● **Input records**:
· · · ·
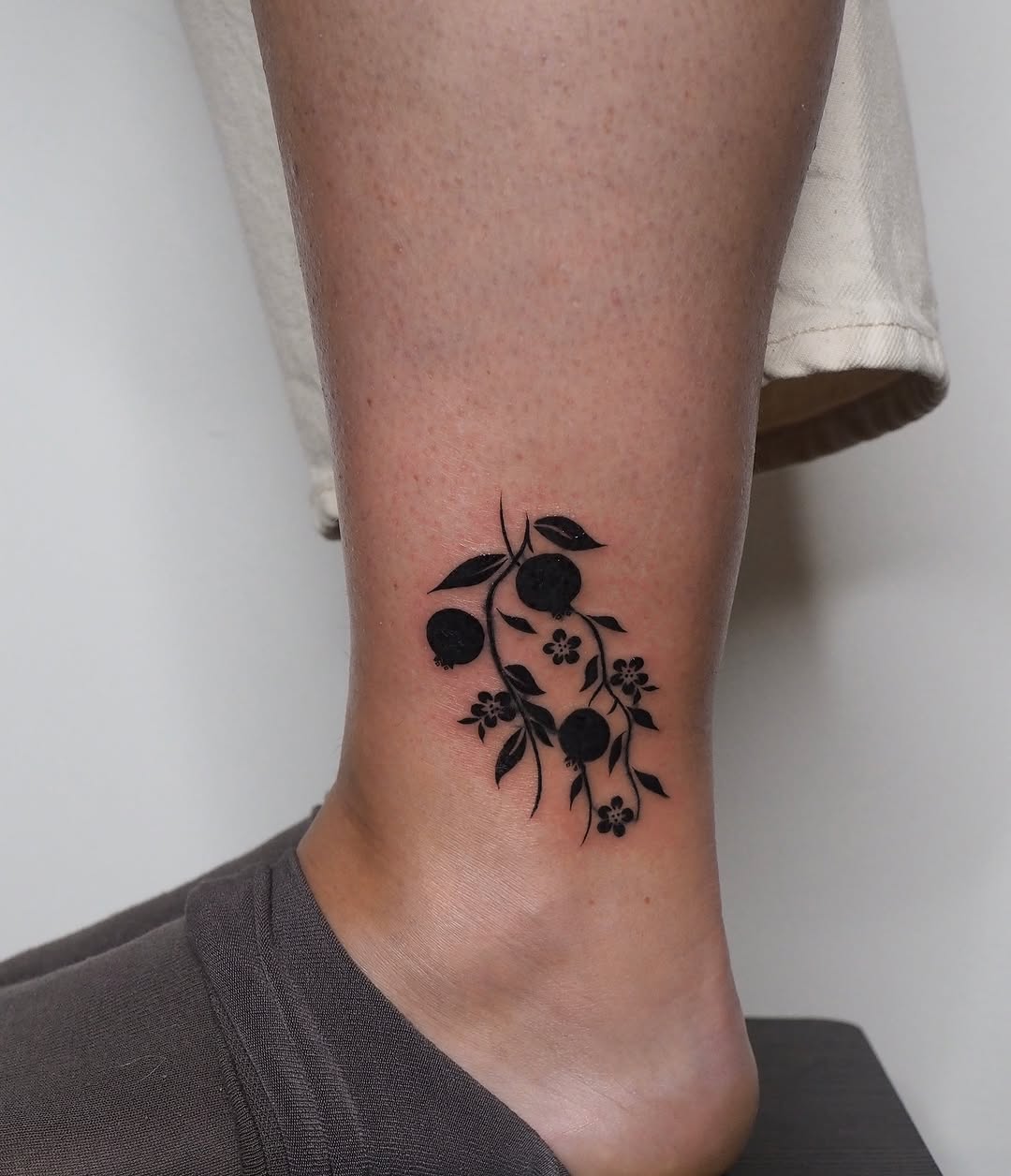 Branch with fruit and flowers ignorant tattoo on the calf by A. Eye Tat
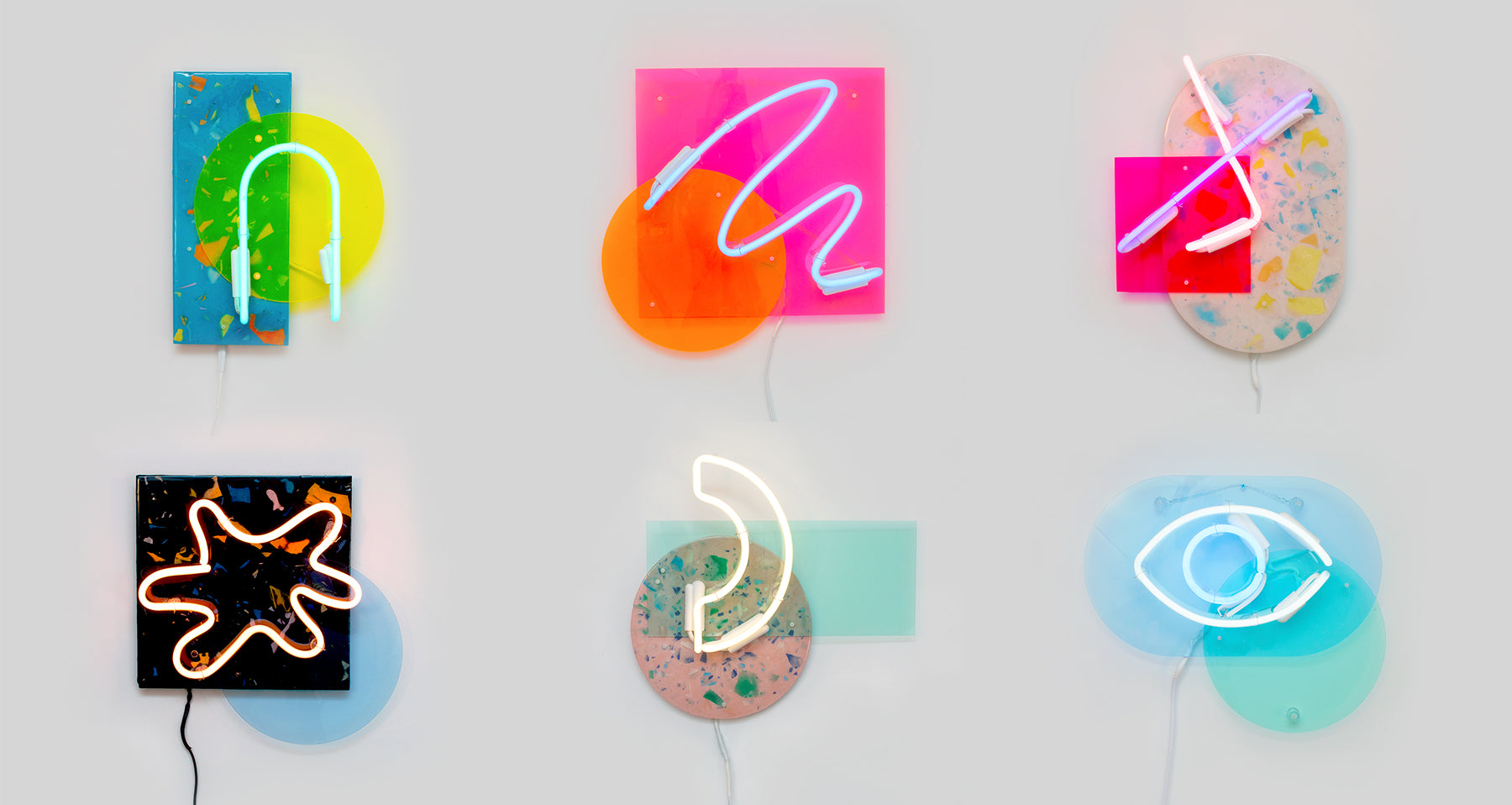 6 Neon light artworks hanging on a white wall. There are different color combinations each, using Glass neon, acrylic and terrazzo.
· · · ·
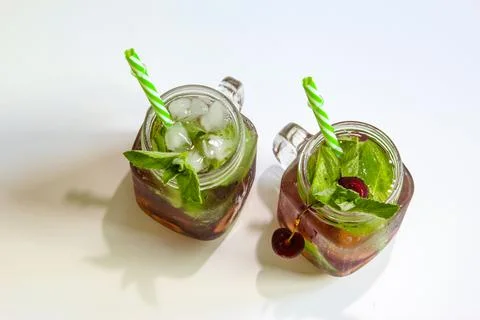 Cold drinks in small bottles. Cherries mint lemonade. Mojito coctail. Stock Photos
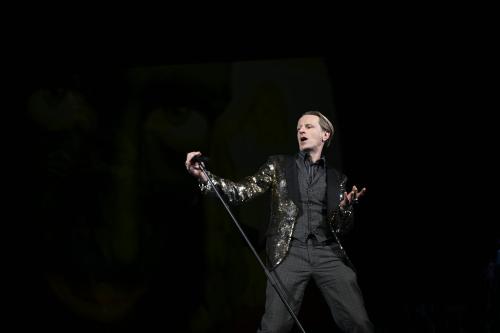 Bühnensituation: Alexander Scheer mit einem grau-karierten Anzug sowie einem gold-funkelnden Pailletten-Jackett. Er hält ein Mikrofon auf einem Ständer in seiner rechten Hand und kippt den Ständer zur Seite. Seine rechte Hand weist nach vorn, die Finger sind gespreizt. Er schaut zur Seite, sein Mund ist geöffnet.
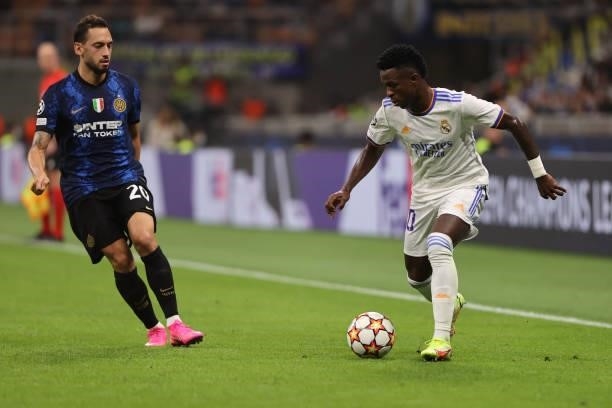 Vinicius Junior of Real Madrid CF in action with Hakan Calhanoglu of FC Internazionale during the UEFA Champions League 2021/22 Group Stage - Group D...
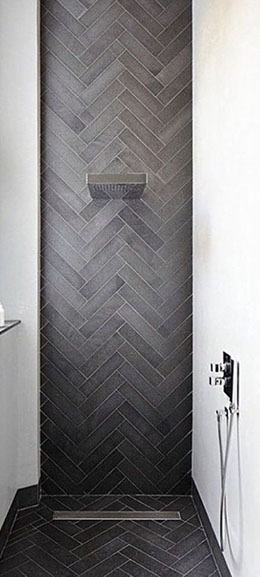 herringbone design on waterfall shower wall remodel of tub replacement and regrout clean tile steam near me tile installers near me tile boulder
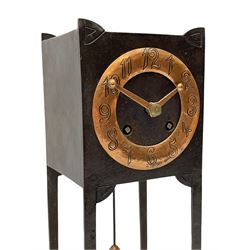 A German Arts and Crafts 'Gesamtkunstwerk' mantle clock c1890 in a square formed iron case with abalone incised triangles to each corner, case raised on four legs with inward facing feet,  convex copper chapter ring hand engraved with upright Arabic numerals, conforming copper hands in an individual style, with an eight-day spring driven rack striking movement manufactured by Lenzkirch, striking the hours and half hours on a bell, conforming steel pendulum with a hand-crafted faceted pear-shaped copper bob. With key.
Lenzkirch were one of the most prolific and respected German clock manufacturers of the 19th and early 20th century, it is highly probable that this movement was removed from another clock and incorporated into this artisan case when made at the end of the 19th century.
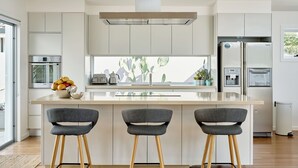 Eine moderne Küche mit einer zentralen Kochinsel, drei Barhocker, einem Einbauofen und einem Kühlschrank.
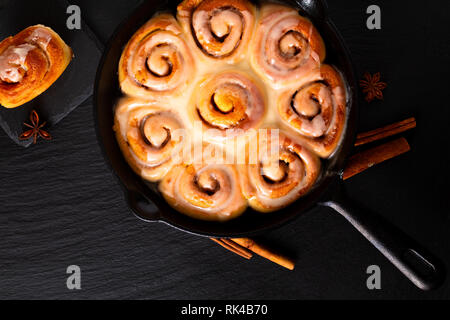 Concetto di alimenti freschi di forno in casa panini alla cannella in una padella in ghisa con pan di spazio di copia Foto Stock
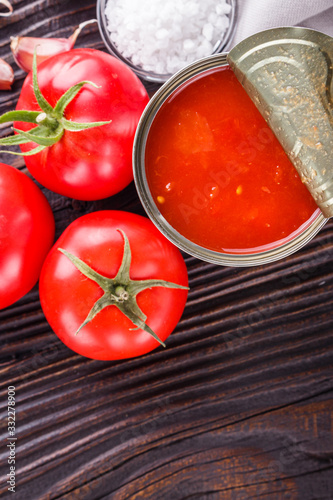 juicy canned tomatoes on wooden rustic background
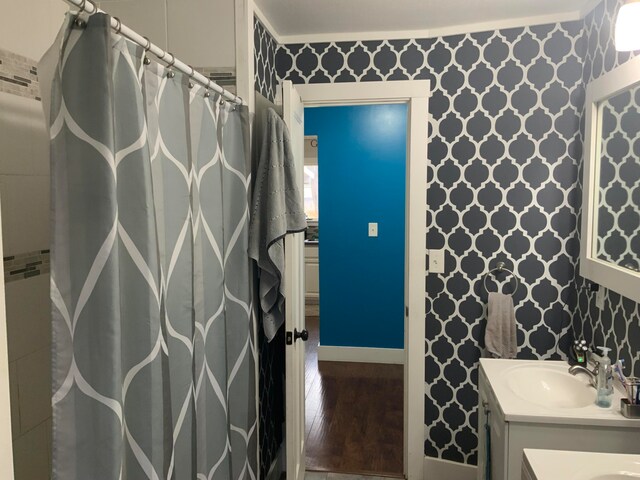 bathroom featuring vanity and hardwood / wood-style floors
· · · ·
● **Your assignment**:
Give again, exactly as written above, each line from the one that has "juicy canned tomatoes" to the one that has "bathroom featuring vanity", both included; omit the pictures.

● **Answer below**:
 juicy canned tomatoes on wooden rustic background
 bathroom featuring vanity and hardwood / wood-style floors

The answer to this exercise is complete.